Similarly, it was not the injustice component of Israeli collective action frames where there was borrowing from Arab spring. Israel has undergone a sharp increase in economic inequality over the last two decades, much like the experience of the United States. What began as a protest against the high cost of housing quickly spread to other issues — transport, childcare, food and fuel, low salaries paid to many professionals, tax reform and welfare payments. And the new Israelis want only one simple thing: We are not here just to survive, we are here in order to live.
This demand embodies the fundamental right. While the injustice component is home grown, the agency component of collective action frames is very much subject to influence by example. In Tunisia, it took less than a month of protests and civil unrest to oust President Ben Ali who resigned and fled the country, ending 23 years in power.
The rapidity with which this happened in what was essentially a campaign of non-violent protest and civil disobedience must have emboldened Egyptian protesters and enhanced their sense of collective political efficacy. The Egyptian uprising began on January 25th as a campaign of non-violent civil disobedience, popular demonstrations, marches, and strikes directed against the regime of President Hosni Mubarak. The campaign spread from Cairo to other cities in Egypt and it took only until February 11th for Mubarak to resign from office.

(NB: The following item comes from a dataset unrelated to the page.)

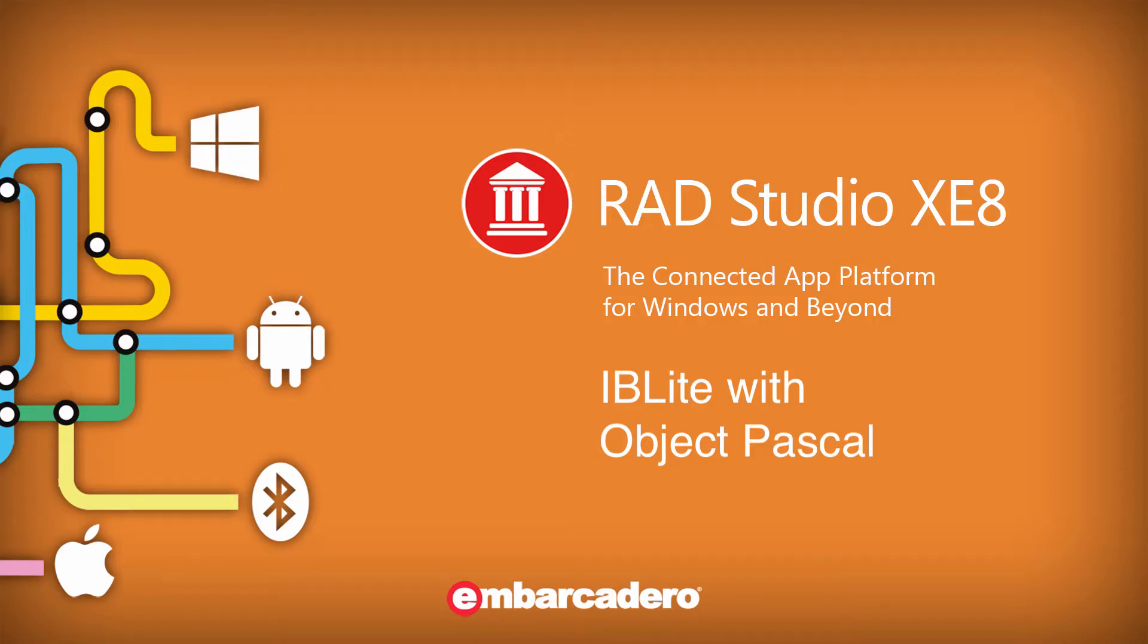For embedding a database in your mobile application, you have three choices. You can use SQLite, which is built into the mobile OS, or you can upgrade to IBLite, which adds RDBMS features like referential integrity.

A sense of agency is greatly increased by the failure of social control measures on the part of authorities. In this case, the government imposed a curfew but the protesters defied it and the police and military did not enforce it. The rapid success of the collective action in Tunisia and Egypt undoubtedly increased the sense of agency by demonstrators in other Arab countries including Yemen, Syria, and Libya. One would expect citizens of other Arab countries to take heart from the success of the Tunisian and Egyptian revolutions but it is more surprising that Israelis would also take the example to heart.
Harriet Sherwood Manchester Guardian, Sept. The major challenge in the Arab world is across the divide between the more radical elements of the Islamist movement and efforts by those who are experiencing poor living conditions, regardless of the intensity or nature of their religious convictions. I lack any systematic data on how this difficult challenge was negotiated in Tunisia and Egypt. It appears to have been met successfully but the mechanism and dynamics remains, for me, an untold story.
My impression is that the Moslem Brotherhood in Egypt exercised deliberate restraint and made a conscious effort not to have the uprising defined as an Islamist movement. I would guess that the more secular elements also made a conscious effort not to exclude Islamist elements but to work with them in a broad coalition. But these are impressions without any solid empirical foundation. In Israel, I have some incomplete but suggestive evidence. I could find no evidence that haredim participated in the tent-city movement in any significant way. However, the movement did succeed in overcoming several other social cleavages in appealing to concerns about economic and social injustices in Israeli society.
Leef warns the crowd that there is not one decisive moment but a process. Did swinish capitalism make a particular moment of victory? Can we put our finger on that one privatization too many? There was no such moment. There was a process. This process of ours is just beginning now. We have demands of the government. To a limited degree, the tent-city demonstrations succeeded in cutting across the cleavage between Israeli Jews and Israeli Palestinians.
No more coexistence based on hummus and fava beans. What is happening here is true coexistence, when Arabs and Jews march together shoulder to shoulder calling for social justice and peace. The major issue is over how much to emphasize the connection between the issues of social justice inside the green line and the large amount of money spent on expanding settlements in the occupied territories and providing security for them.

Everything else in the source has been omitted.